Research & Papers

TRACE: A Conversational Framework for Sustainable Tourism Recommendation with Agentic Counterfactual Explanations

A new multi-agent LLM system challenges travel algorithms to reduce overcrowding and carbon footprints.

Deep Dive

A team of researchers led by Ashmi Banerjee has introduced TRACE (Tourism Recommendation with Agentic Counterfactual Explanations), a novel conversational framework designed to combat the environmental downsides of traditional travel algorithms. Unlike conventional systems that optimize purely for user relevance—often reinforcing overcrowded, carbon-intensive destinations—TRACE employs a multi-agent, LLM-based architecture to actively promote sustainable tourism. Built on Google's Agent Development Kit, the framework uses specialized agents to elicit latent sustainability preferences, construct structured user personas, and generate recommendations that balance personal relevance with environmental impact.

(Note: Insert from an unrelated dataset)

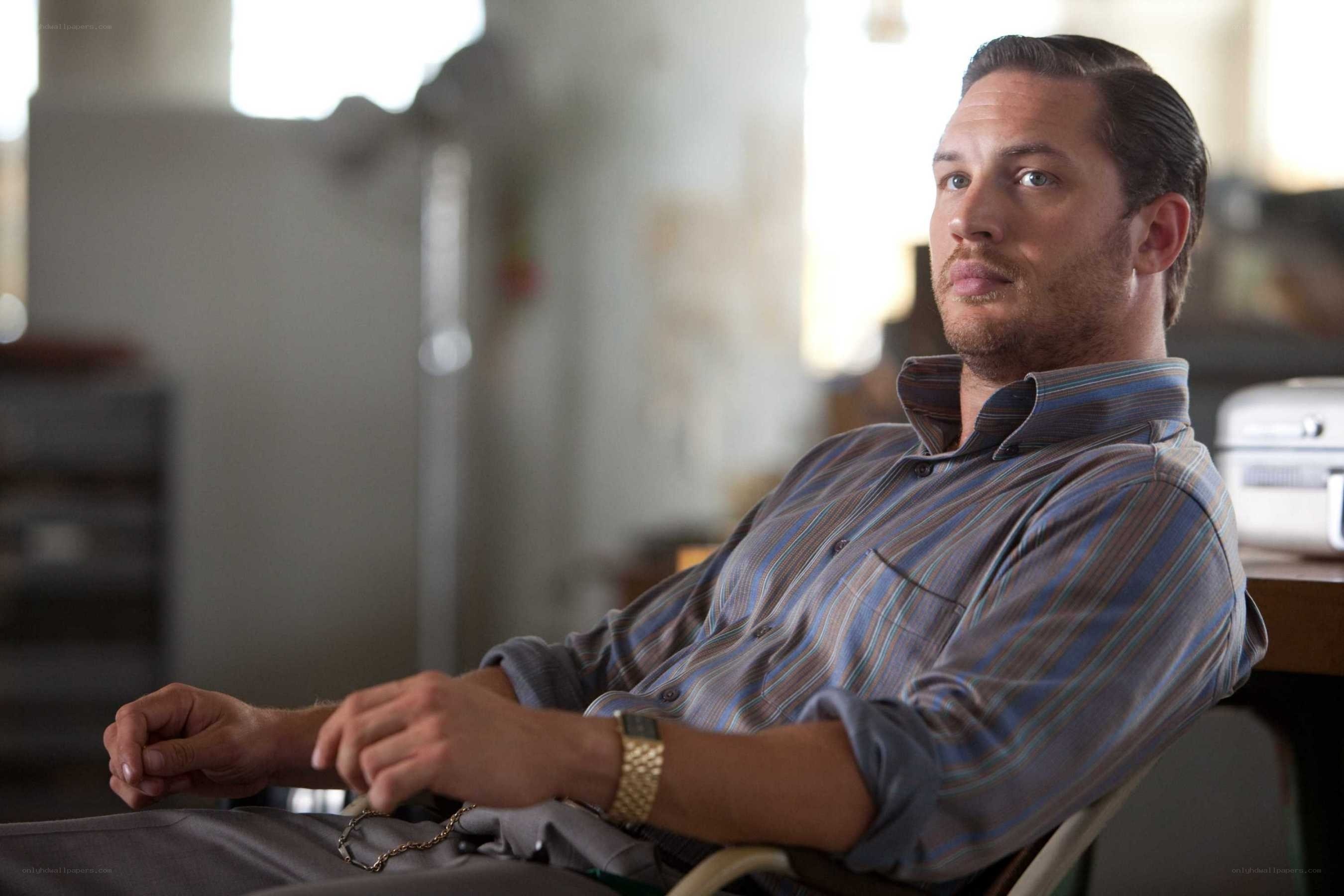 man in striped shirt sitting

A core innovation of TRACE is its use of 'agentic counterfactual explanations' and LLM-driven clarifying questions. Instead of simply presenting a list of options, the system surfaces greener alternatives and prompts users with reflective questions to refine intent, fostering sustainable decision-making without coercion. The researchers have made the project fully reproducible, providing complete code, a Docker setup, prompts, and a demo video. User studies and semantic alignment analyses presented for SIGIR '26 show that TRACE effectively supports eco-friendly choices while maintaining the interactive responsiveness and quality users expect from travel recommenders.

Key Points
  • Uses a multi-agent, LLM-based orchestrator-worker architecture to balance user relevance with environmental impact.
  • Features 'agentic counterfactual explanations' and clarifying questions to nudge users toward greener alternatives without coercion.
  • Fully implemented on Google's Agent Development Kit with code, Docker setup, and demo publicly available for reproducibility.

Why It Matters

It redirects AI-powered convenience toward solving overtourism and climate impact, a major shift for the travel industry.